Hasbro's wares have scored the movie treatment in the Transformers, Power Rangers and GI Joe flicks and more, and M3GAN makes junk of most. They all largely did that themselves anyway, but none have this film's namesake, who makes one helluva horror nemesis. Clearly the product of ample time meticulously getting the specifics exactly right, M3GAN sports a lifelike-enough appearance that dwells deep in the uncanny valley, and could never visibly be confused for actual flesh-and-blood up close. And yet, the size is right, it pals around with Cady like they're peers and it dresses more like a stylish 70s Barbie than a standard doll. Its physical movements are preternatural, and its arch retorts and reactions — and often just its voice — would make Mean Girls' Plastics wither. Young actor Amie Donald (Sweet Tooth) plays the part, while TikTok star Jenna Davis (Maggie) provides M3GAN's vocals, with every detail pitch-perfect.
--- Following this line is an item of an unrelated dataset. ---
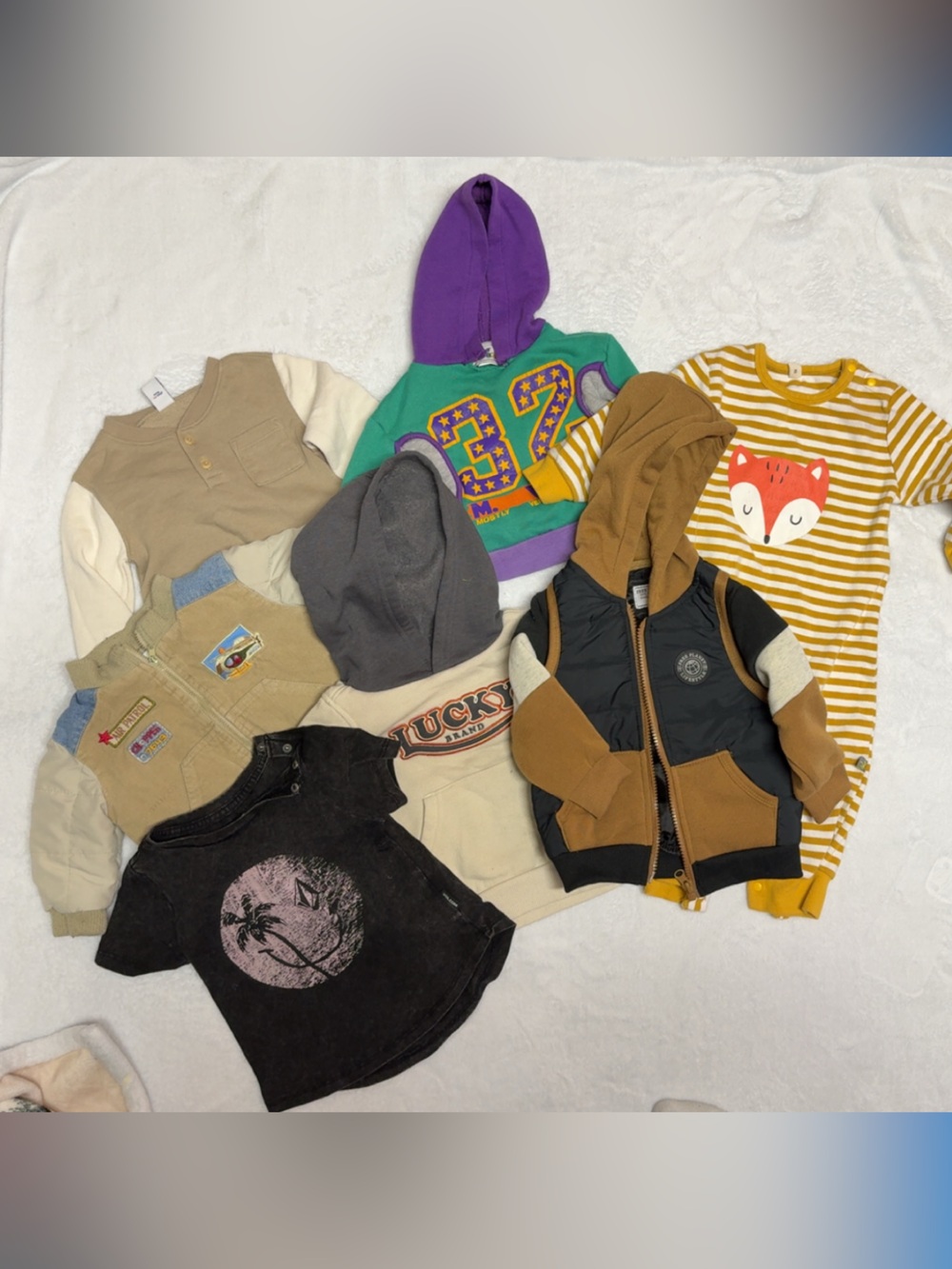 Some Vintage Kids Mixed Tops & Hoodies Bundle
Execution: M3GAN chiefly slays it, but because Gemma fluffs it (rushing to get the job done, overlooking parental controls as well as parameters for morals and ethics, and being too eager to avoid her guardian responsibilities), M3GAN savagely and repeatedly slays. As the brutal plaything's inventor and main target, Williams is fascinating, too, especially given that she comes to the part — any part — with her most famous past role's considerable baggage. She isn't playing Marnie Michaels as an expert coder here, obviously. In fact, the fact that the deranged toy she's facing patently resembles Williams is a savvy way of having the actor tear down the idea that she's crafted herself an on-screen type. Gemma isn't the uncomplicated hero of the piece, though, as a workaholic who happily outsources caring for a child to an untested gadget, revels in creating AI life to help cope with loss, then finds herself firmly standing in Victor Frankenstein's shoes.

There's bite to Gemma's path, and to M3GAN's musings on motherhood, work-life balance, corporate culture and 21st-century chaos, as familiar as they all are — and, even when simply jerkily tilting its head or stealthily sneaking up unexpectedly, to M3GAN. There isn't as much blood to the film, sadly, with needing to appeal to a teen audience ensuring that it never fulfils its gory and deranged potential, including when the body count starts ramping up and the final act goes for adolescent-appropriate broke. What this sci-fi nightmare lacks in splatter, it compensates for with that gleefully campy, tongue-in-cheek and utterly self-aware vibe, forceful as it can be; M3GAN's trailer and its choreography didn't go viral months before the movie hit cinemas by accident. Indeed, Johnstone evokes the right sardonic atmosphere with the efficiency of his central robo-slasher. 2023 was already set to be the year of the big-screen doll thanks to Barbie, but M3GAN stalks the cinematic toy chest formidably and fiendishly first.